Dec. 18, 1916 – Feb. 23, 2008

Douglas A. Fraser has been called “the man who never lost touch” and “the labor leader everyone respects.”  He rose through the ranks to become the UAW’s sixth International president, a position he held until his retirement in May 1983.  Fraser was the last of the “pioneer generation” of UAW presidents.

He was born Dec. 18, 1916, in a working-class district of Glasgow, Scotland, and came to the United States with his parents when he was 6 years old. The family settled in Detroit. After attending Chadsey High School, he went to work as a metal finisher in the DeSoto plant of Chrysler Corp. at the age of 18.

Fraser became active in UAW Local 227. He was elected to various local offices, including steward, chief steward, recording secretary and president in 1943. He served three terms in that position.

In 1947 Fraser was appointed to the staff of the UAW and assigned to the union’s Chrysler Department. He caught the eye of then-UAW President Walter P. Reuther who selected him as an administrative assistant in 1951, a position he held eight years. In that capacity he was involved in many major negotiations.

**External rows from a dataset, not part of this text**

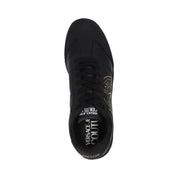 Versace Jeans Couture Sneakers 75YA3SD1 ZP347 - SanShopLuxury - 2023, 39, 40, 41, 42, Autunno/Inverno, Calzature, FW23, Idoneo, Nero-Oro, Outlet, Sneakers, Uomo, Versace Jeans Couture
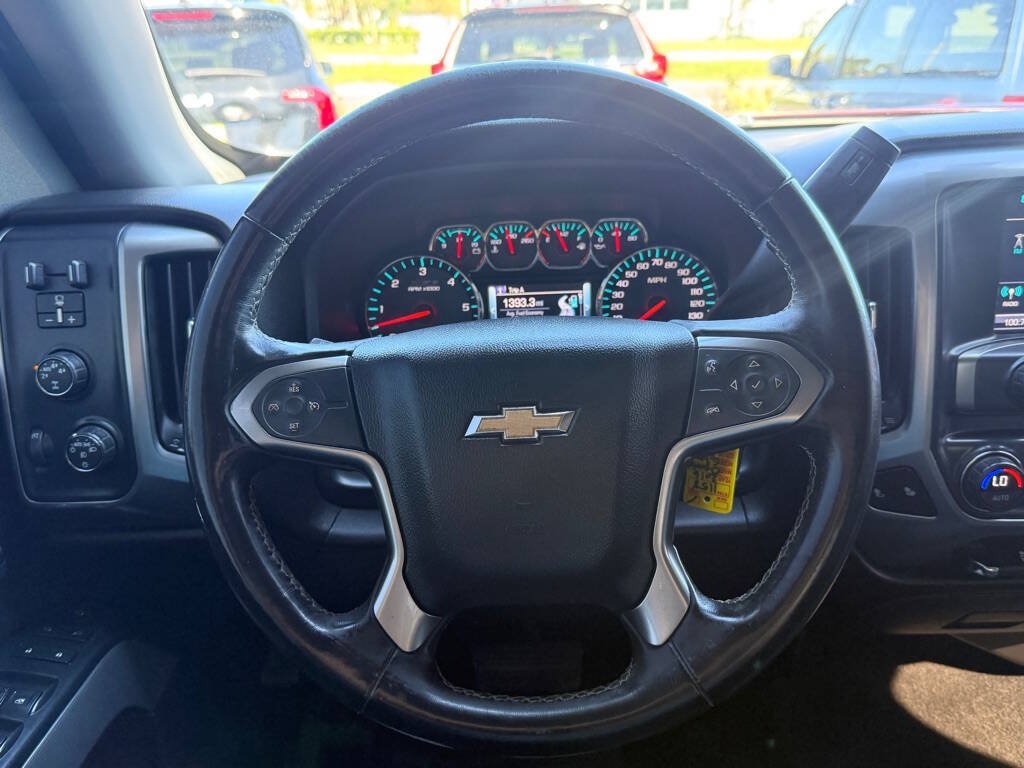 Used 2016 Chevrolet Silverado 1500 LT w/ All Star Edition AWD/4WD image 14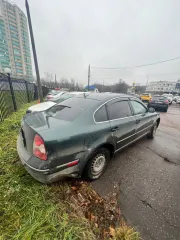 Volkswagen Passat 2004 Легковой автомобиль марка: VOLKSWAGEN, модель: Passat, год выпуска: 2004 г., кузов №: WVWAD63B55P001801, идентификационный номер (VIN): WVWAD63B55P001801 Ознакомление с регламентом проведения торгов, ознакомление с проектом договора купли-продажи имущества, выдача бланков…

Fraser was elected co-director of UAW Region 1A in January 1959, and in 1962 convention delegates elected him to the union’s International Executive Board as a member-at-large. He was re-elected in 1964, 1966 and 1968.

He was elected an International vice president in 1970, and president of the union at the May 1977 convention.

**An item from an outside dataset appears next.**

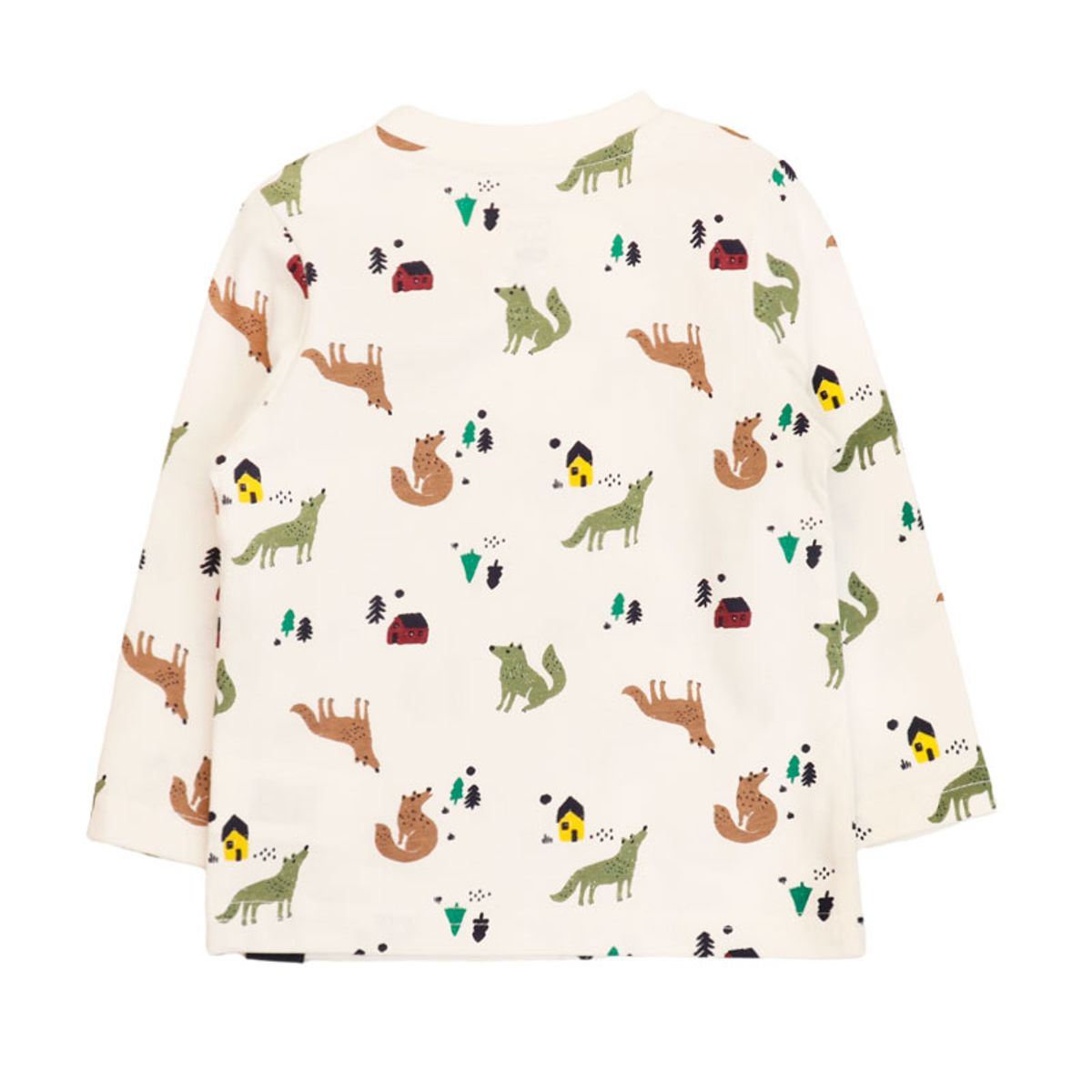 FICCUS - Polera Niño Adventure 2620141 Crudo Ficcus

In 1964 Fraser, along with Reuther, led the union’s bargaining committee at Chrysler where the UAW won its historic early-retirement program. In 1967 he again led negotiations at Chrysler and won the first U.S.-Canada wage parity agreement.

In 1973 Fraser and then-UAW President Leonard Woodcock led the bargaining team at Chrysler, setting the pattern for the auto industry that year after a successful nine-day strike. Contract gains included restrictions on compulsory overtime, a comprehensive health and safety program, an improved “30-and-out” early retirement plan, dental care and accelerated arbitration. The Woodcock-Fraser team also led the union’s Chrysler negotiators in 1976.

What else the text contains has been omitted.